We should also add a note in the docs about this tuning for SSDs.

kindly commented 4 years ago

Added it to salt.

ANALYSE is run with autovacuum but as the selected_collections tables is so small it does not appear to be run as autovauum is not run on small tables.

I was thinking of running ANALYSE selected_collections in the views SQL on that table but thought that was an odd thing to do.

Will add it to docs before this is closed.

robredpath commented 4 years ago

Improve performance of 002 (kf-views)

robredpath commented 4 years ago

Salt work is in https://github.com/open-contracting/deploy/commit/54be5983f060b4ebffcd823bcee12292c904569d .

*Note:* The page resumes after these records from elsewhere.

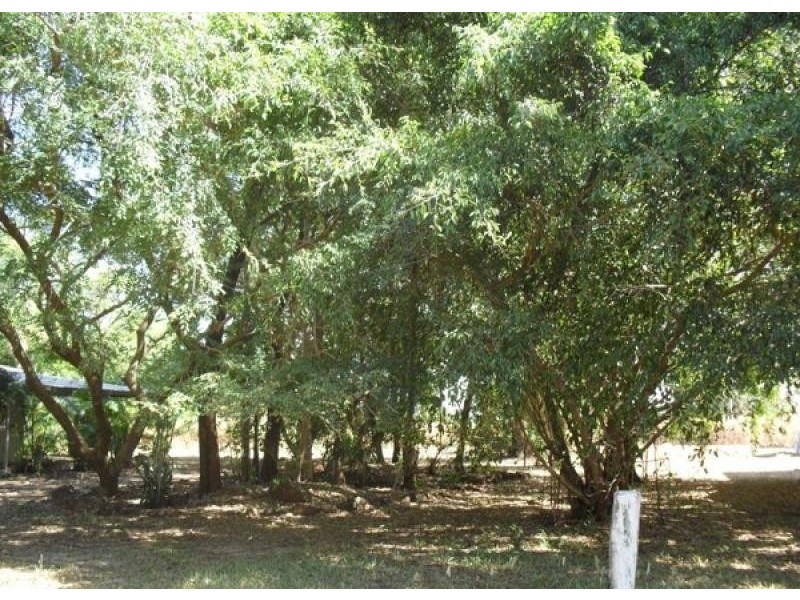 2929 Lavington Rd, Dundee Downs NT 0840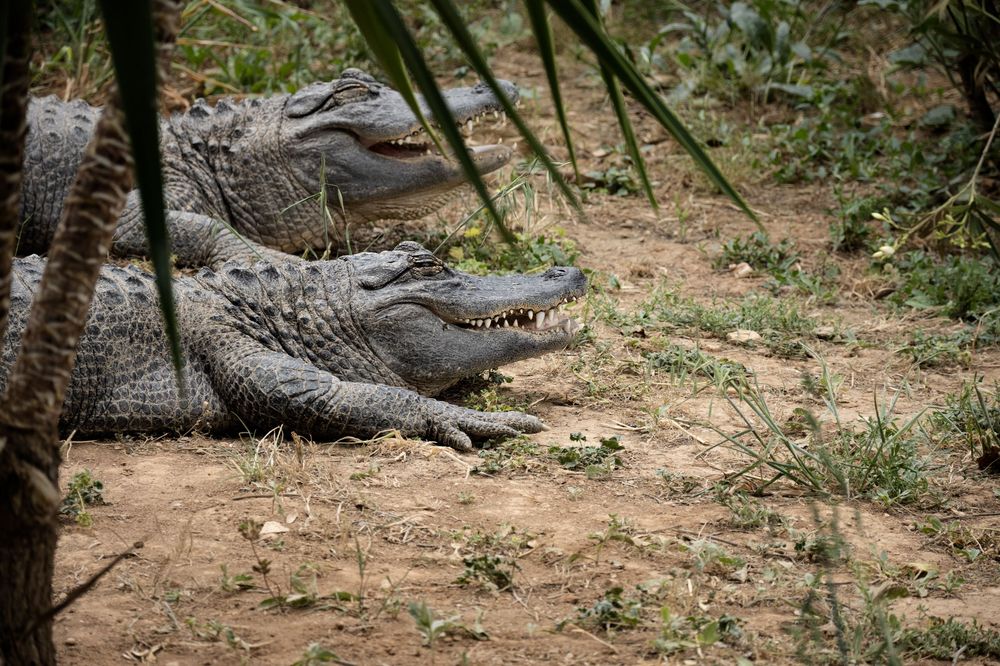 A large American alligator rests on dirt ground near vegetation at a wildlife sanctuary or zoo.
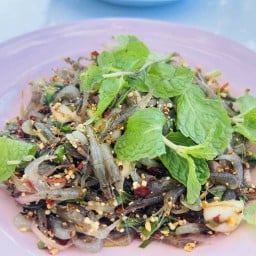 Fisherman shop@nakhonphanom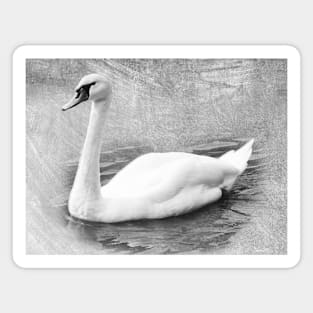 Elegant Swan Magnet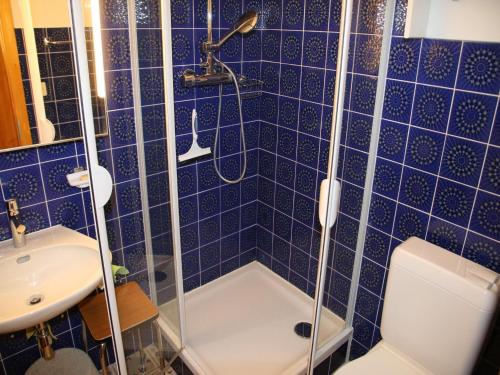 uma casa de banho em azulejos azuis com um chuveiro e um WC em Apartment in Veysonnaz with Mountain Views em Veysonnaz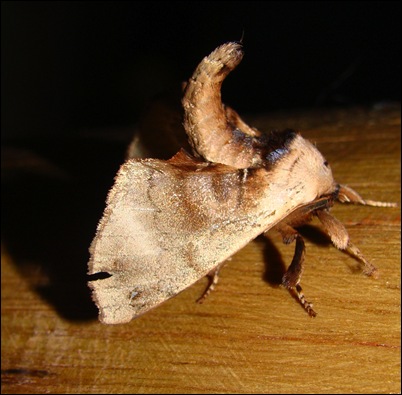 mariposaescorpiao1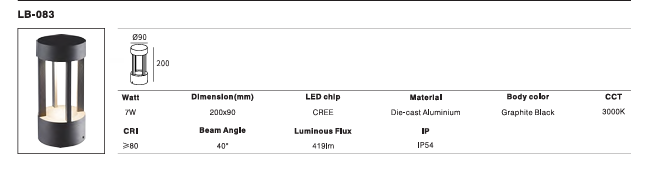 LED Outdoor Wall Light P-250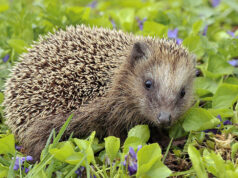 Home for hedgehogs: UK to restore swathes of wildlife habitat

My reading of the conversation above is that the only remaining TODOs are:

Incidentally, I had a look at the random_page_cost stuff as I was looking at this issue, and I think that we could set it lower in the future; the difference between sequential and random reads for NVMe is even less than regular SSD.

jpmckinney commented 4 years ago

Re: docs, let's instead add a comment to the Salt state to explain how we arrived at that page cost, with a link to https://www.postgresql.org/docs/current/runtime-config-query.html#RUNTIME-CONFIG-QUERY-CONSTANTS and any other relevant links.

Performance reported in https://github.com/open-contracting/kingfisher-views/issues/92#issuecomment-599508625 is much improved. All good in that respect.

robredpath commented 4 years ago

@jpmckinney will add a quick update to the Views docs to suggest to anyone running their own Views that they consider this if they encounter similar issues

jpmckinney commented 4 years ago

Done!

jpmckinney commented 4 years ago

Thanks to #93, we have timing logs, and I see that we have bad performance again from this query, even though random_page_cost is 2 (try with the schema in the issue description, or with dominican_republic).

I ran SET random_page_cost = 1; (the minimum value that makes sense) before the query, and I still get a bad plan. So, I think we need to use another option.